REQUIRED ACTION
Take the lines of the data below from the very first through the line containing "American retro crystal" and output them exactly, pictures excluded.

Short web captions
[Start of section]
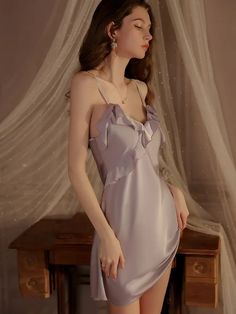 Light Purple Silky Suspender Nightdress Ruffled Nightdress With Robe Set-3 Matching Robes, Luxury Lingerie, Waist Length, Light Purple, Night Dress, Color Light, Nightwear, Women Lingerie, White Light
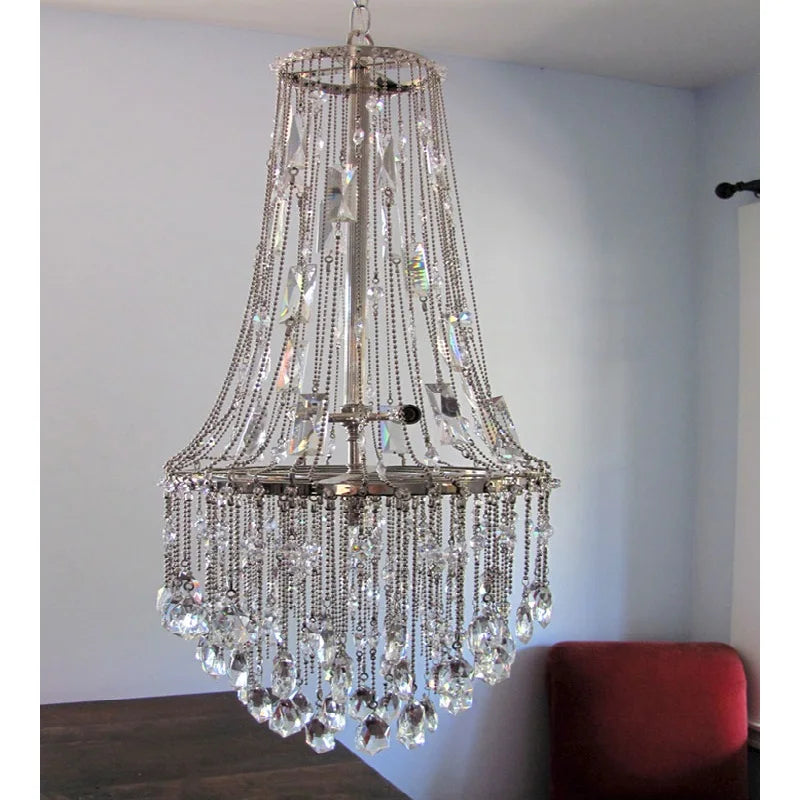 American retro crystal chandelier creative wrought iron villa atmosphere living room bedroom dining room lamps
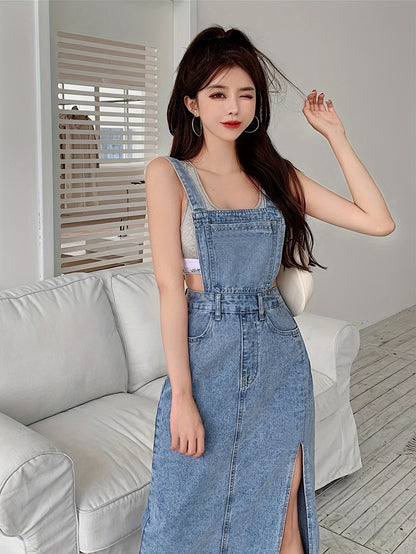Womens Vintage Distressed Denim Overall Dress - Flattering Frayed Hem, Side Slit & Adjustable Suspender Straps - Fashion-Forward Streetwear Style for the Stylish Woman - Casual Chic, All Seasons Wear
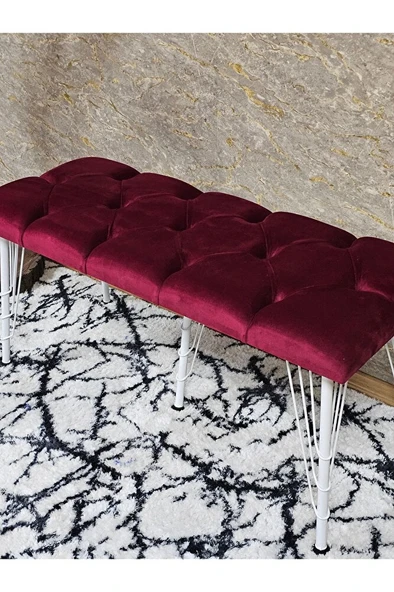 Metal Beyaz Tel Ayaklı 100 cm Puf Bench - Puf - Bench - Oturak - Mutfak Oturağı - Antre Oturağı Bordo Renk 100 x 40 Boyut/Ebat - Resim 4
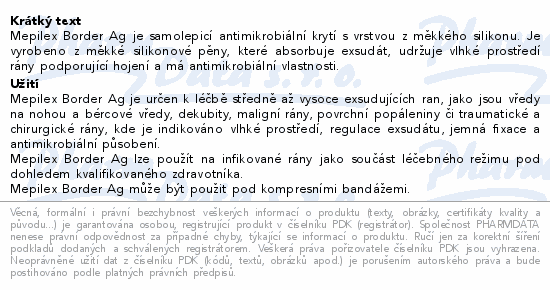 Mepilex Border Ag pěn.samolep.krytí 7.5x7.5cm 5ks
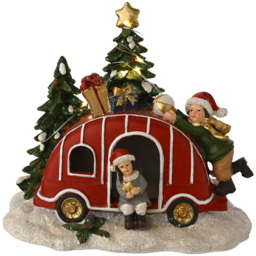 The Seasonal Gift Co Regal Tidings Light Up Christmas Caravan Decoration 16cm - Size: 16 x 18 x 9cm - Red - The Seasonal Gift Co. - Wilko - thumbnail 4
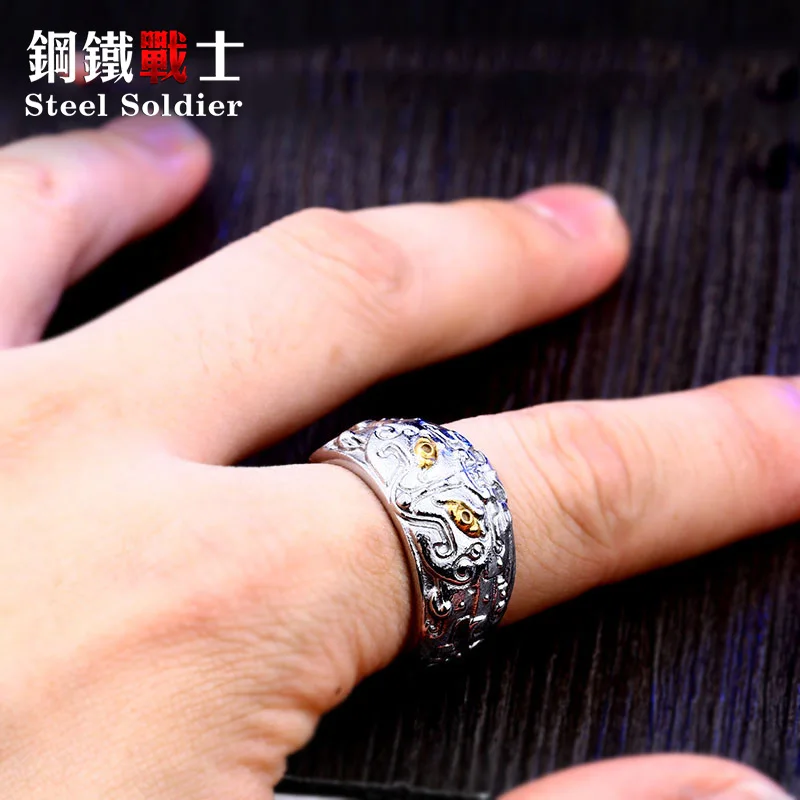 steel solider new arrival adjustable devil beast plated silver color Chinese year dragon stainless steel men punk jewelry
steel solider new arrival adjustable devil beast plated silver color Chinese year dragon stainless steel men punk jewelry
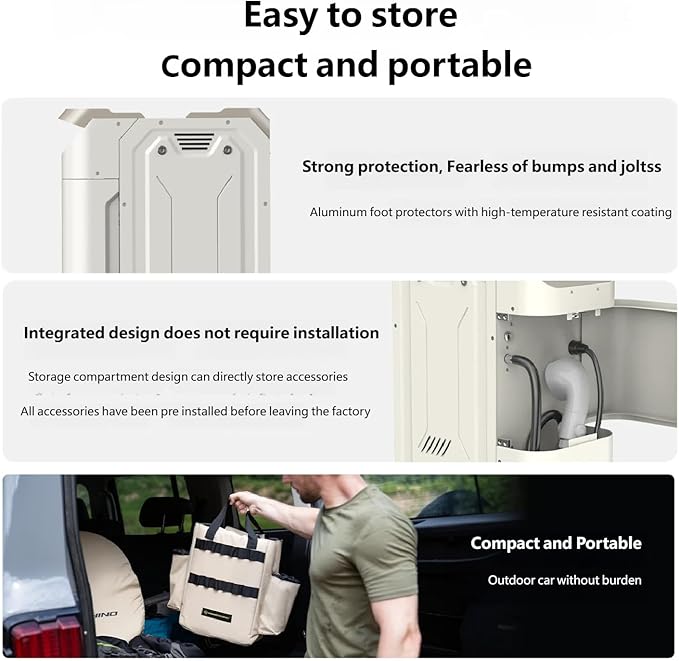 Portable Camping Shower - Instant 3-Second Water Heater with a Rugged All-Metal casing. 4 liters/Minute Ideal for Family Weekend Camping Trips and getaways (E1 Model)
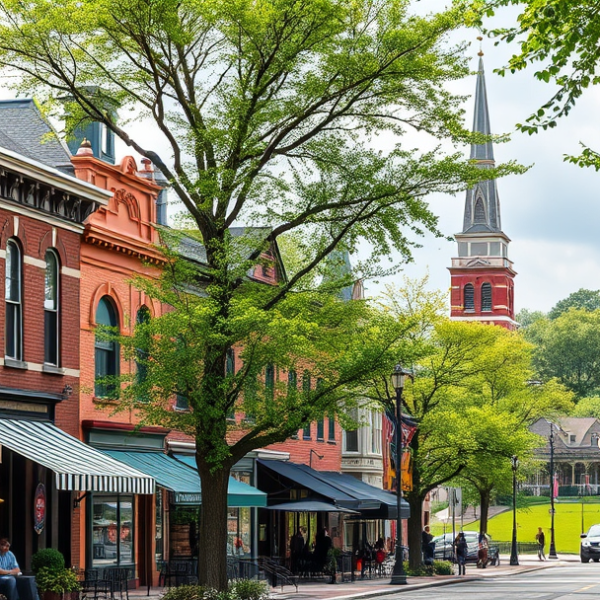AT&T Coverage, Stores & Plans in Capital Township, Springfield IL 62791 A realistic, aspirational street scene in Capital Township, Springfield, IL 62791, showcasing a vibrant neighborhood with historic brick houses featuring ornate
[End of section]
ANSWER TO THIS EXERCISE
 Light Purple Silky Suspender Nightdress Ruffled Nightdress With Robe Set-3 Matching Robes, Luxury Lingerie, Waist Length, Light Purple, Night Dress, Color Light, Nightwear, Women Lingerie, White Light
 American retro crystal chandelier creative wrought iron villa atmosphere living room bedroom dining room lamps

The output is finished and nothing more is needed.